Data Volumes for Notebook Servers

We will show how you can use DLF to provision Data Volumes for your notebook servers. This would be helpful in the cases your training data are stored in S3 Buckets.

Requirements

You have access to the kubeflow dashboard and you have DLF installed.

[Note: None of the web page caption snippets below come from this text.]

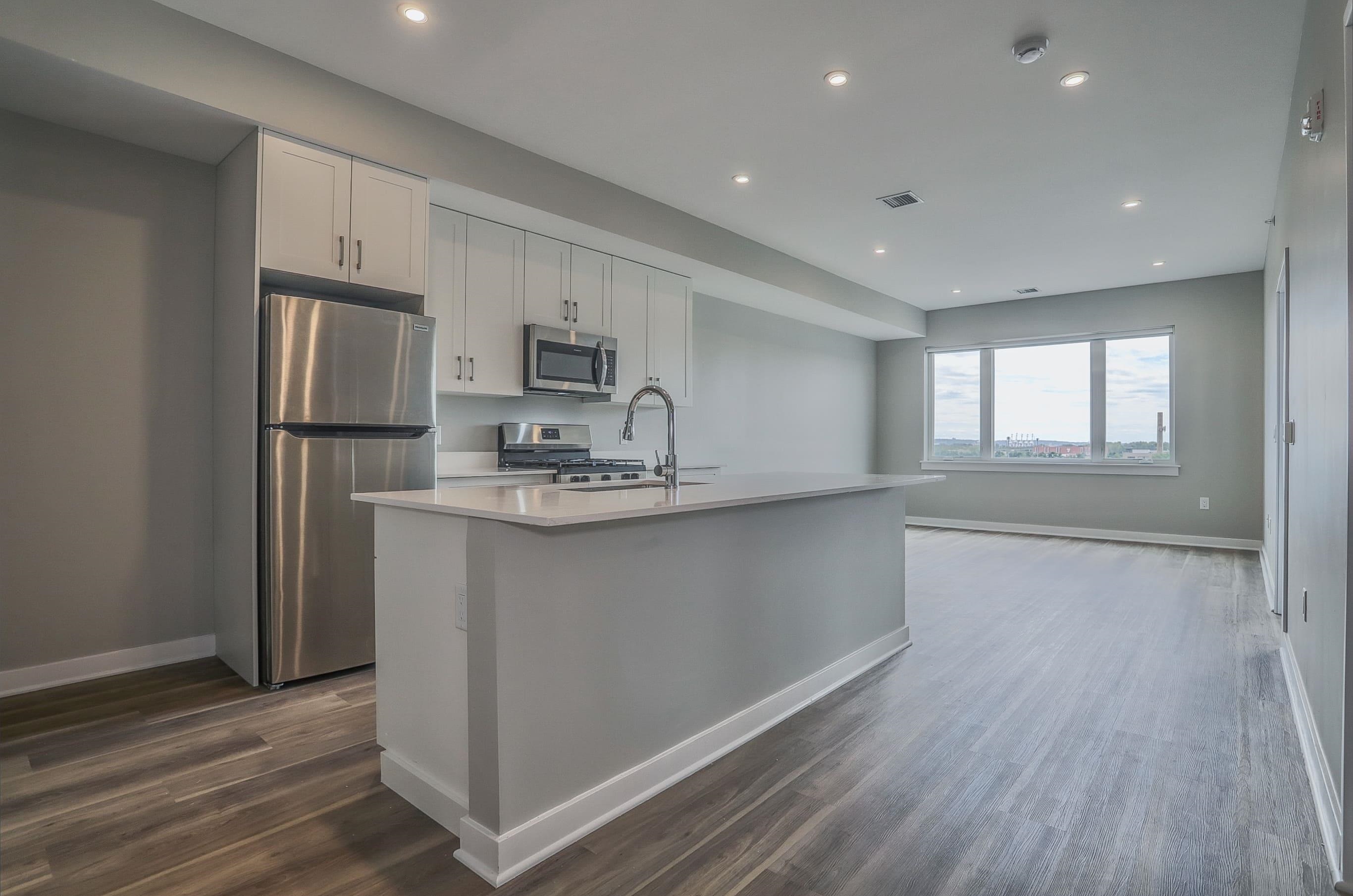 475 COMMUNIPAW AVE Unit: 302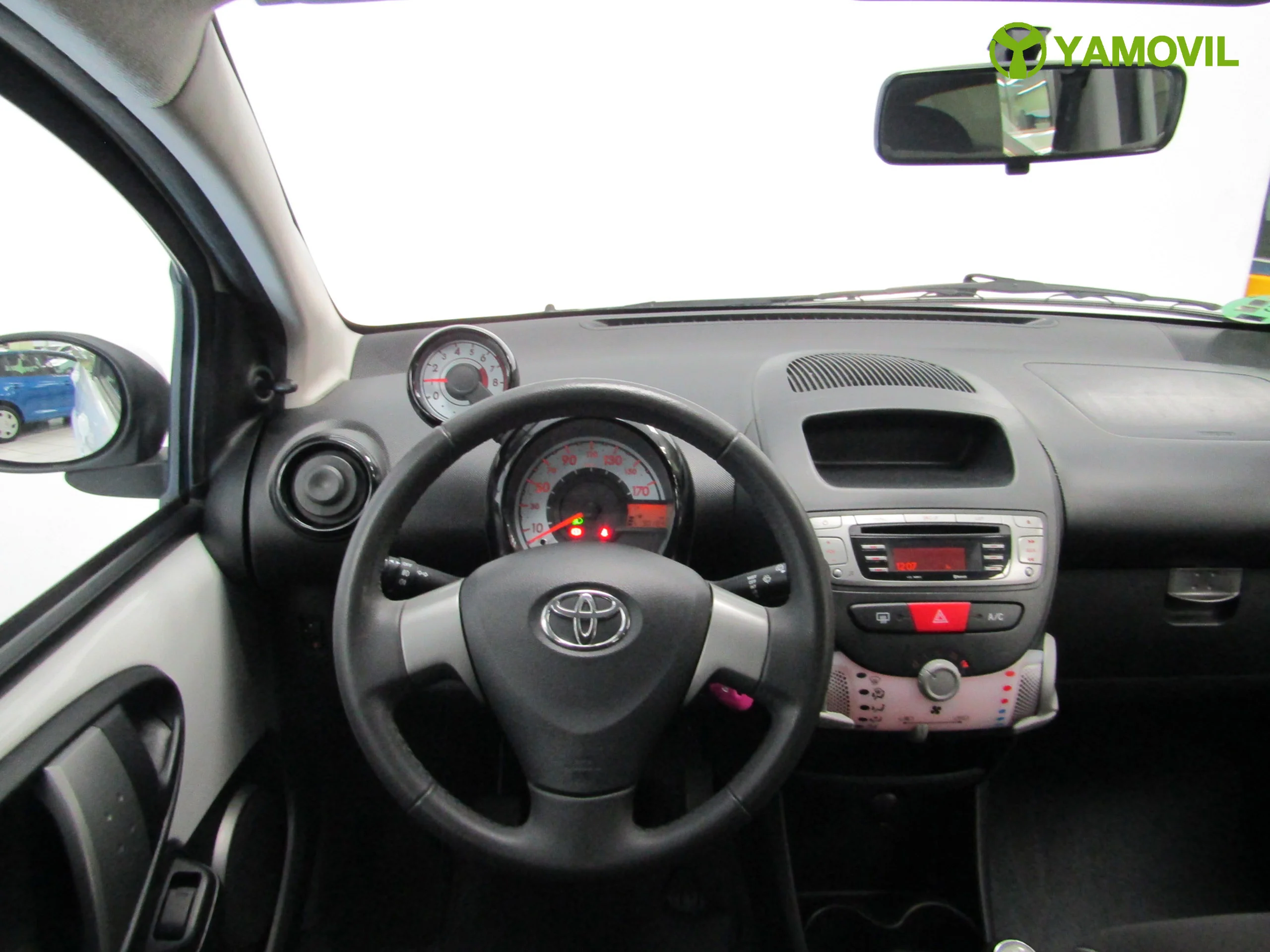 Toyota Aygo 1.0 68CV CITY - Foto 20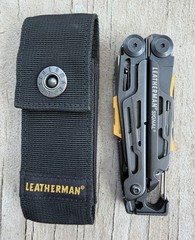 LEATHERMAN SIGNAL MULT-ITOOL BLACK/ORANGE W/SHEATH/POUCH, EXCELLENT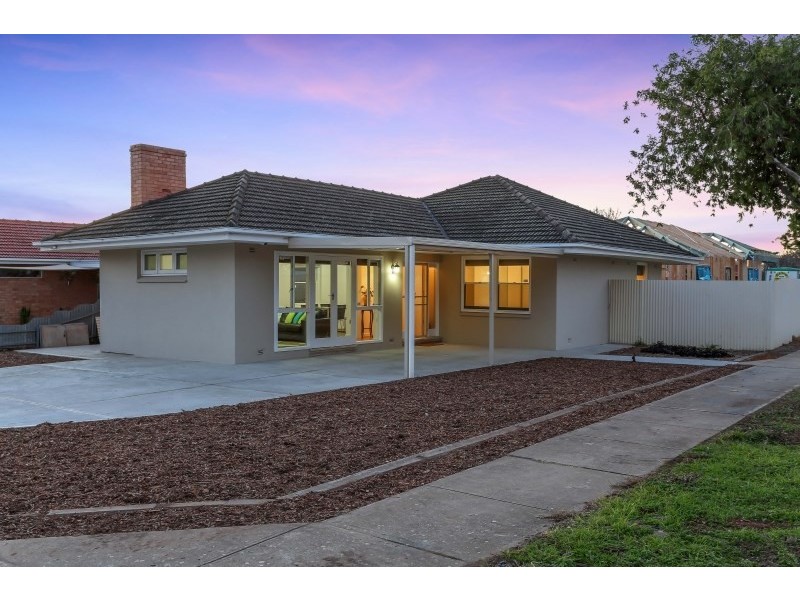 8 Selkirk Avenue, Clearview SA 5085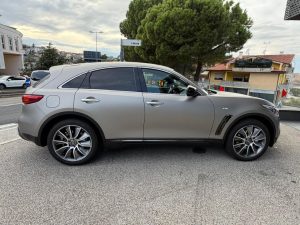 Infiniti QX70 3.7 V6 AT GT Premium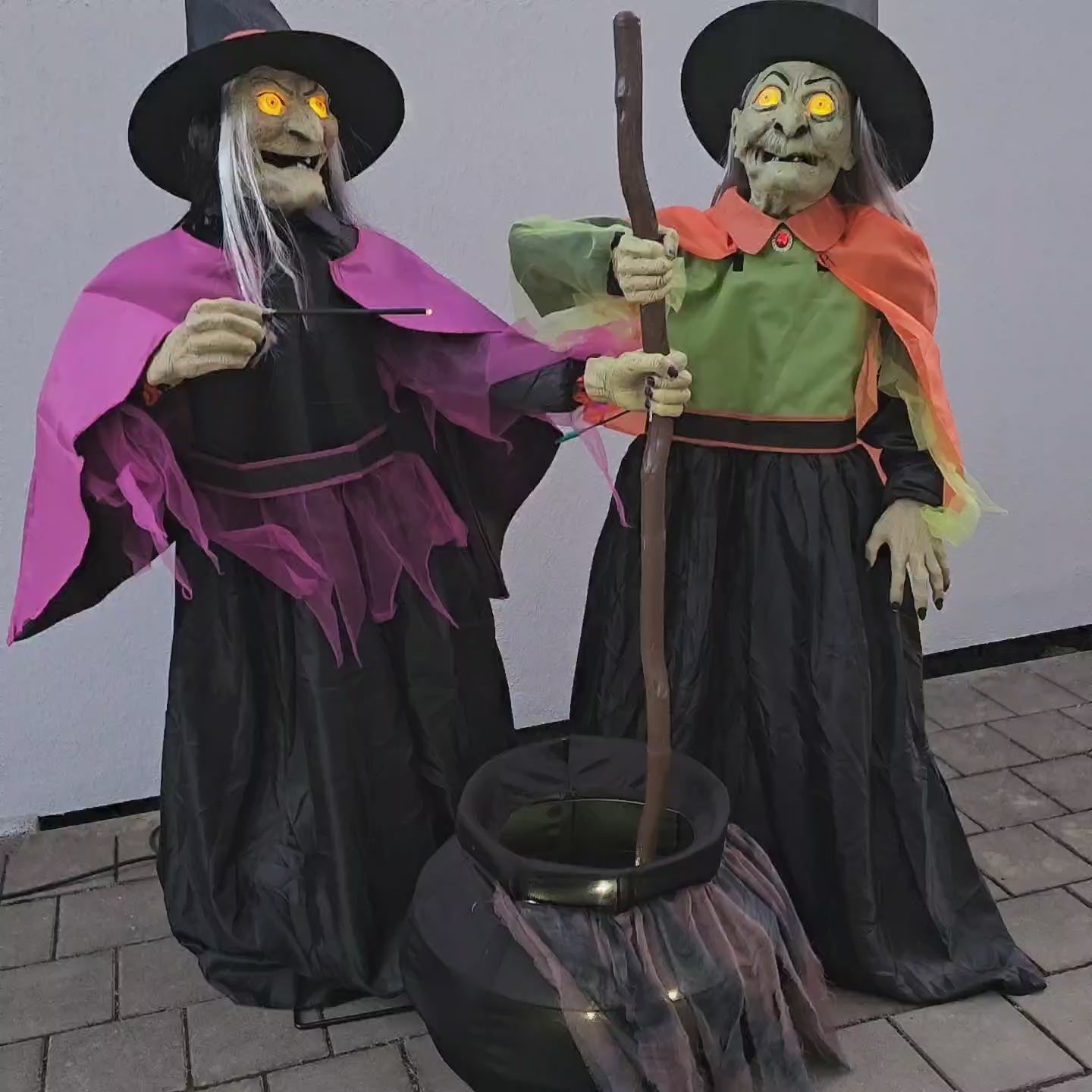 Halloweenfigur "2 Hexen mit Kochtopf"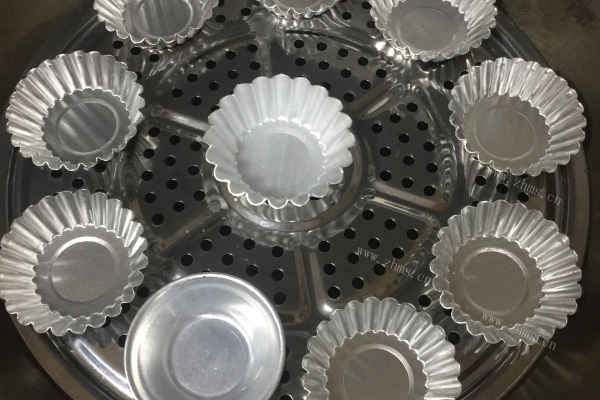 用马蹄粉做的马蹄钵仔糕第一步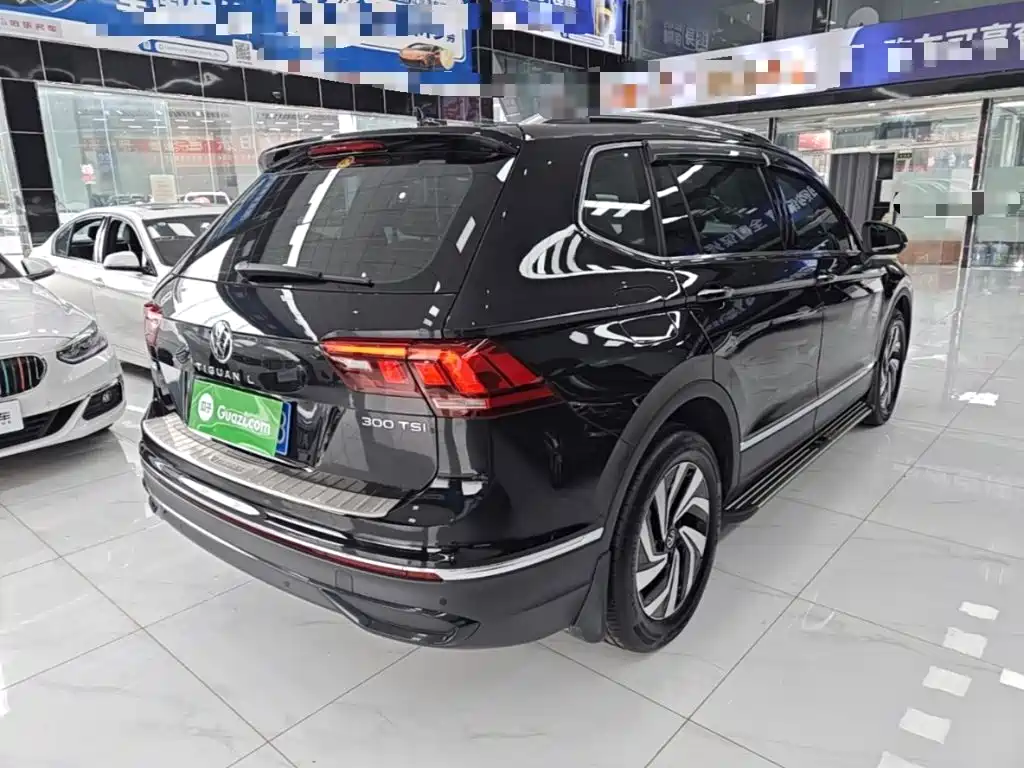 Volkswagen Tiguan L — фото 6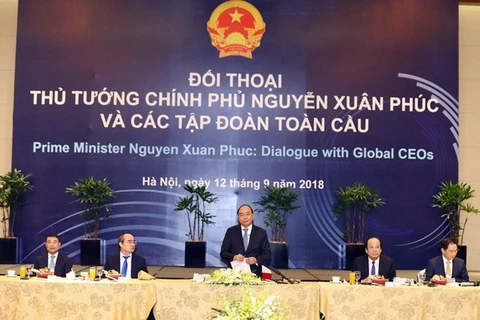 政府总理阮春福与全球各家集团领导进行对话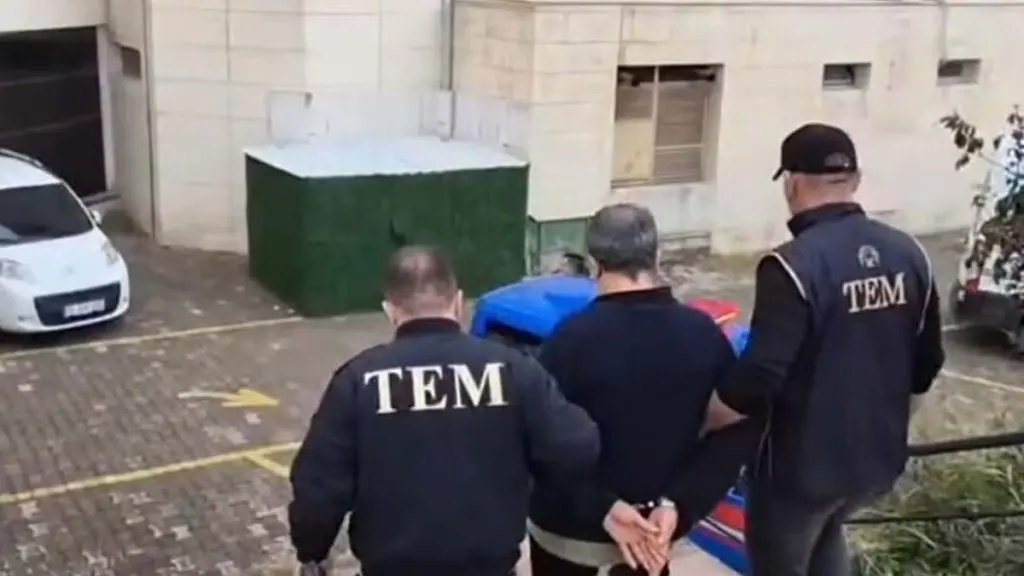Atatürk ve Türk bayrağına hakaret eden öğretmen tutuklandı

Make sure you first follow the guide for Installation

Create a Dataset for the S3 Bucket

In this guide, we assume that your data are already stored in a remote s3 bucket. Let's assume that you will launch your notebook server on the namespace {my-namespace}

apiVersion: datashim.io/v1alpha1
kind: Dataset
metadata:
  name: your-dataset
spec:
  local:
    type: "COS"
    accessKeyID: "access_key_id"
    secretAccessKey: "secret_access_key"
    endpoint: "https://YOUR_ENDPOINT"
    bucket: "YOUR_BUCKET"
    region: "" #it can be empty
Now just execute:
kubectl create -f my-dataset.yaml -n {my-namespace}

Provision Notebook with the Data Volume

Now use the Kubeflow Central Dashboard to follow the rest of the guide. Choose the "Notebook Servers" item:

Notebook Servers

Select "New server":

New server

Head over to the "Data Volumes" section and fill out the form as follows:

Data Volumes

Now you can press "Launch" to start the notebook server.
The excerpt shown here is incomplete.